Data for processing:
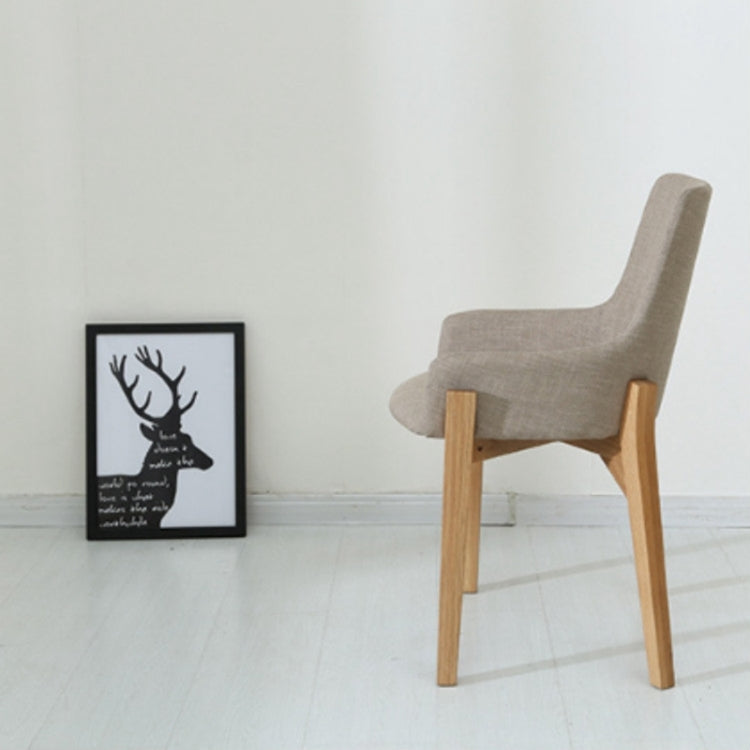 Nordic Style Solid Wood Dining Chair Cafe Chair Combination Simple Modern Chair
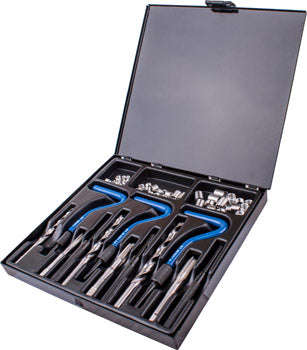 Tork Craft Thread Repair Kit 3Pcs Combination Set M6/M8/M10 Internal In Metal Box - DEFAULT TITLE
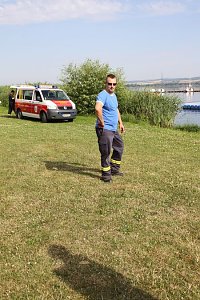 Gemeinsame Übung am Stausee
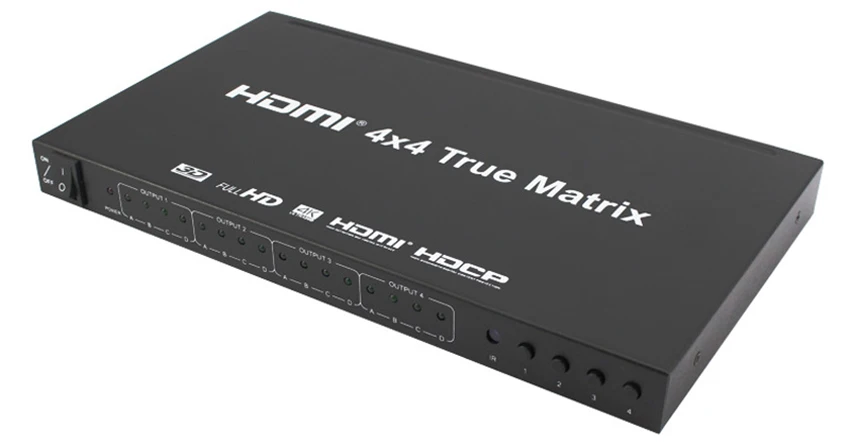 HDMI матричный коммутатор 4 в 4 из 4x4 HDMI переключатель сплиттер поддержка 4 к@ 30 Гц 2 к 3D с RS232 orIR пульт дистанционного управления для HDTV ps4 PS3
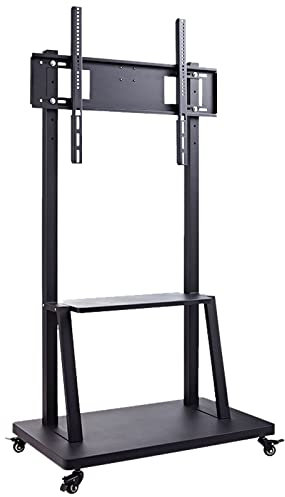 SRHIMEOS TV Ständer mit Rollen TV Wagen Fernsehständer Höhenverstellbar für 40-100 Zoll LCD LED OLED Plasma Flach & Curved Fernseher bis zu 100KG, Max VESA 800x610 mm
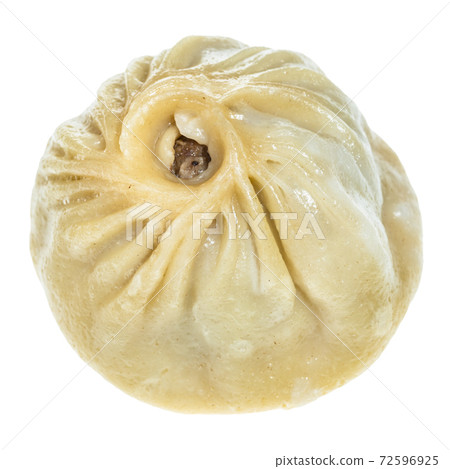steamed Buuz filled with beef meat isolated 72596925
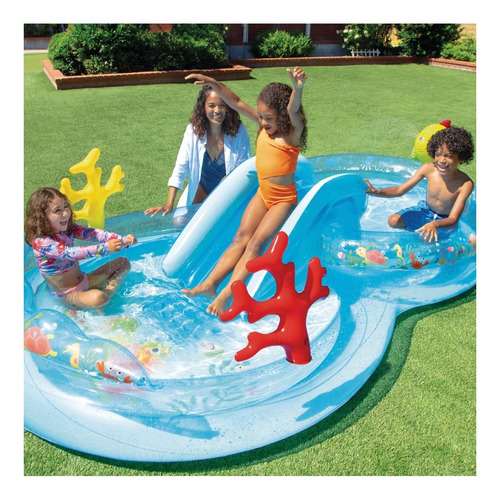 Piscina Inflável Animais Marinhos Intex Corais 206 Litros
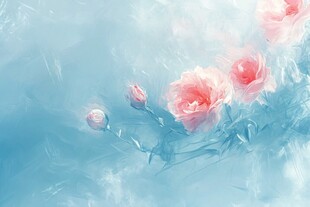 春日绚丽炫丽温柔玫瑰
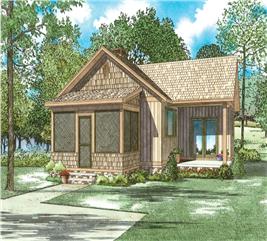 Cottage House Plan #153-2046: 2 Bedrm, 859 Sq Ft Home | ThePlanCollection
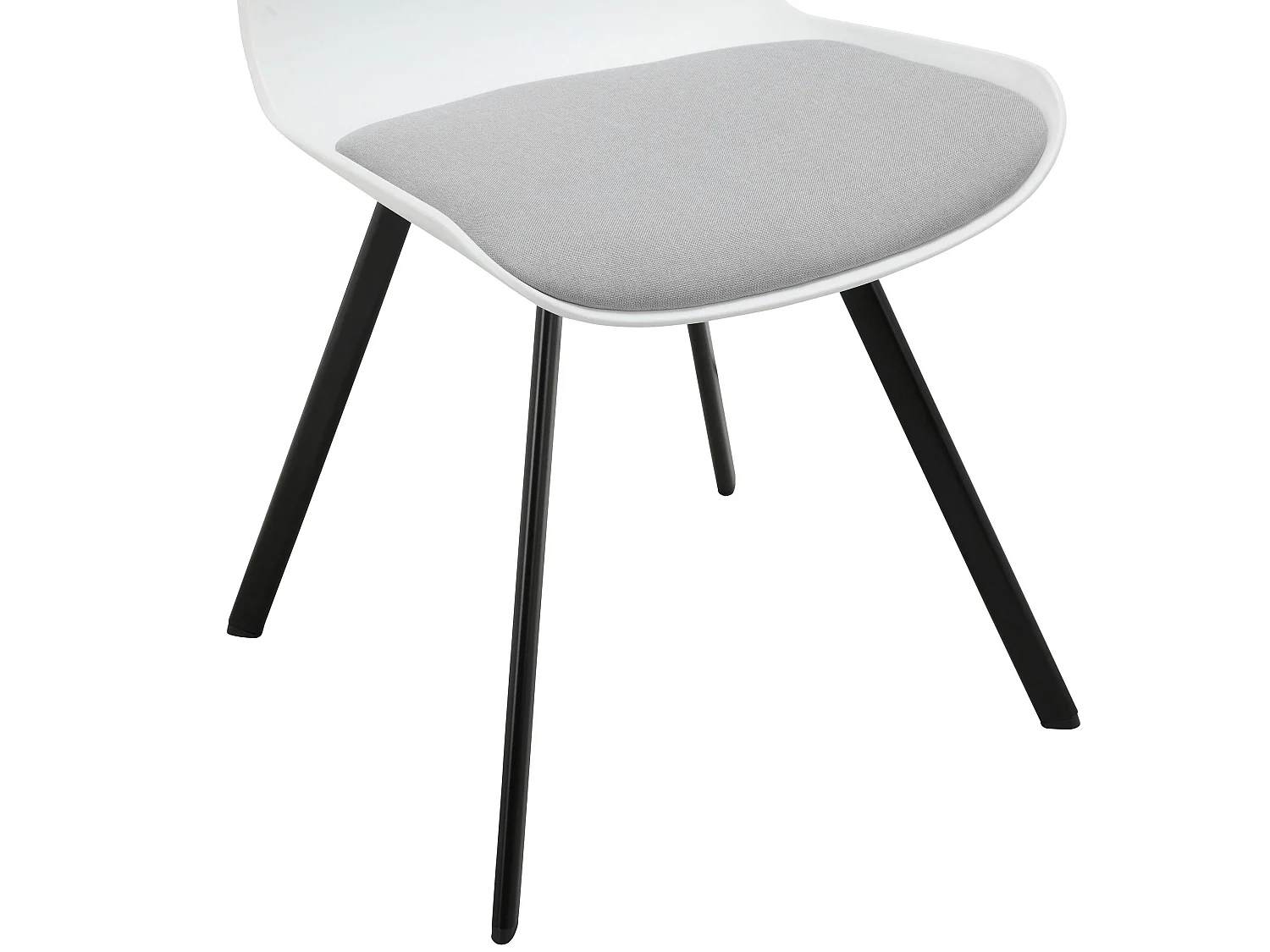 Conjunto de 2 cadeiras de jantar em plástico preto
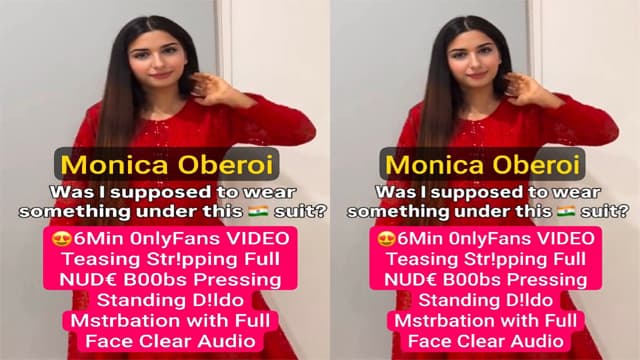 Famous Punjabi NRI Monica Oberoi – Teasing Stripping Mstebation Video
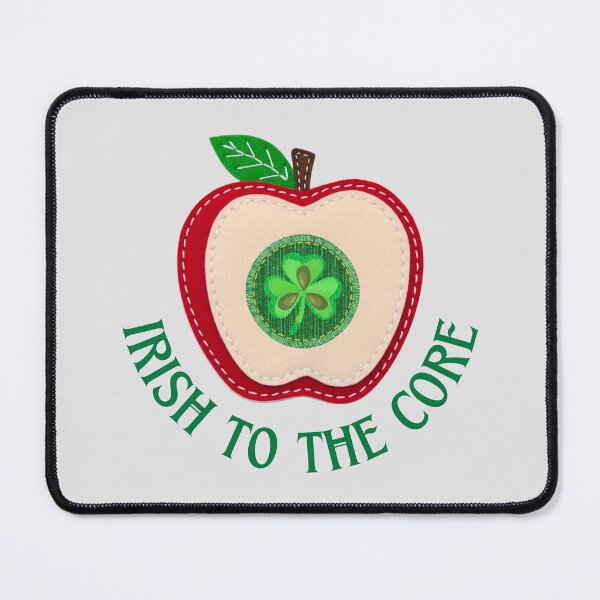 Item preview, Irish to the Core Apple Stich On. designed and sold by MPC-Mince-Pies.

What the task asks:
Please print exactly the lines from the line containing "Cottage House Plan" through the end of the records above, both included, leaving out every picture.

Task result:
 Cottage House Plan #153-2046: 2 Bedrm, 859 Sq Ft Home | ThePlanCollection
 Conjunto de 2 cadeiras de jantar em plástico preto
 Famous Punjabi NRI Monica Oberoi – Teasing Stripping Mstebation Video
 Item preview, Irish to the Core Apple Stich On. designed and sold by MPC-Mince-Pies.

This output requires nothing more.